Intense competition could further soften D&O marketReprints
With continued excess capacity in the directors and officers liability market, insurance buyers are still enjoying flat or lower renewals, a trend that is expected to continue next year.
Some observers believe competition may well be exacerbated by merger and acquisition activity and other recent turmoil in the market, including the departure of several key American International Group Inc. executives, among other developments.
While primary layers are generally flat to slightly down, competition is more intense in excess D&O layers, with rate decreases of more than 30% in some cases. FINEX North America, a unit of Willis Group Holdings P.L.C., estimates that next year rate changes overall in primary and excess layers will range from 5% down to 5% up.
The market is “really split between the primary players and the excess players,” said Kevin Lacroix, executive vice president of RT ProExec, a division of R-T Specialty L.L.C. in Beachwood, Ohio.

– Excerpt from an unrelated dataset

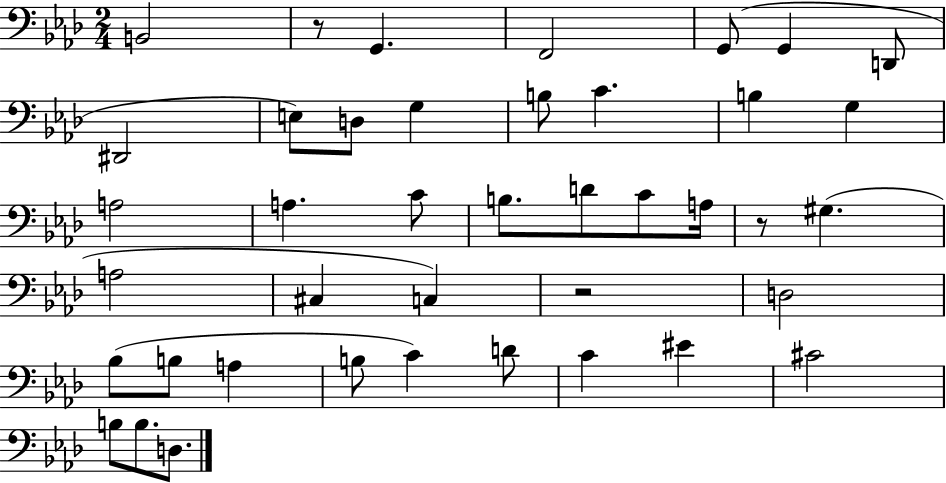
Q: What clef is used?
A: bass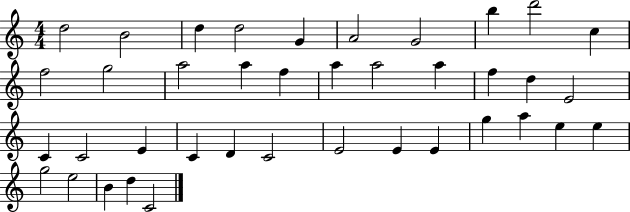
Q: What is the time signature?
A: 4/4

“The primary players are relatively flat, but there's a lot of competition in the excess layers, particularly the higher excess layers and the Side A (difference in conditions) layer, so an individual may overall see savings. It's really a result of competition in the upper layers,” said Mr. LaCroix who estimated that overall program rates are decreasing between 5% and 10%.
Joe Carter, vice president of business development at United Educators Insurance, a Reciprocal Risk Retention Group in Bethesda, Maryland, said while primary D&O rates are anywhere from flat to the high single digit increases, “there's so much capacity and worldwide capital that rates continue to come down” in the excess layers.

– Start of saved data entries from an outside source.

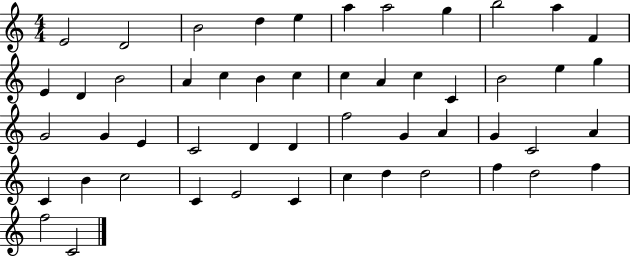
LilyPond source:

{
  \clef treble
  \numericTimeSignature
  \time 4/4
  \key c \major
  e'2 d'2 | b'2 d''4 e''4 | a''4 a''2 g''4 | b''2 a''4 f'4 | \break e'4 d'4 b'2 | a'4 c''4 b'4 c''4 | c''4 a'4 c''4 c'4 | b'2 e''4 g''4 | \break g'2 g'4 e'4 | c'2 d'4 d'4 | f''2 g'4 a'4 | g'4 c'2 a'4 | \break c'4 b'4 c''2 | c'4 e'2 c'4 | c''4 d''4 d''2 | f''4 d''2 f''4 | \break f''2 c'2 | \bar "|."
}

There are just “too many fishermen, too many boats, too many lines in the water,” said Brian Wanat, New York-based CEO of the U.S. financial services group at Aon Risk Solutions.
Other brokers agreed.
“It's still a buyers' market, very much so,” with plenty of capacity and soft rates, said Brenda Shelly, New York-based directors and officers product leader at Marsh L.L.C.'s FINPRO practice.
Over the past six months, the “vast majority” of Wells Fargo clients have seen improved terms and conditions with “some fairly significant price erosion,” said Simon Hodge, professional risk national practice leader at Wells Fargo Insurance Services USA in Atlanta. He said buyers of public company D&O coverage are renewing with rate reductions of about 5-10%.

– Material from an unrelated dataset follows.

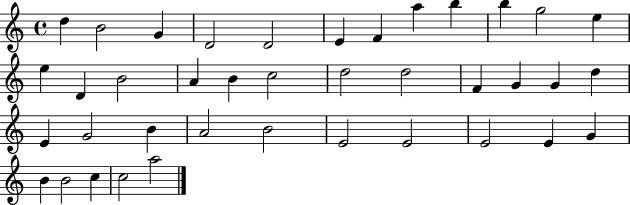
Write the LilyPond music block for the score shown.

And broader coverage is available.
Observers said there is more sublimit capacity available for investigative costs associated with derivative demands, in cases where there is a demand on the board of directors to investigate a possible wrongdoing. Observers say primary insurers typically offer up to $250,000 in coverage for this.
It is “quite common” now for excess insurers to drop down to provide limits over what is provided by primary insurers, said Mr. Hodge.
Experts say there may also be more coverage for the investigation of corporations by regulators, either through separate policies or through endorsements and additional premium.
“There's a greater willingness of underwriters to open up the D&O contract to include investigation costs associated with regulatory investigations,” Mr. Hodge said.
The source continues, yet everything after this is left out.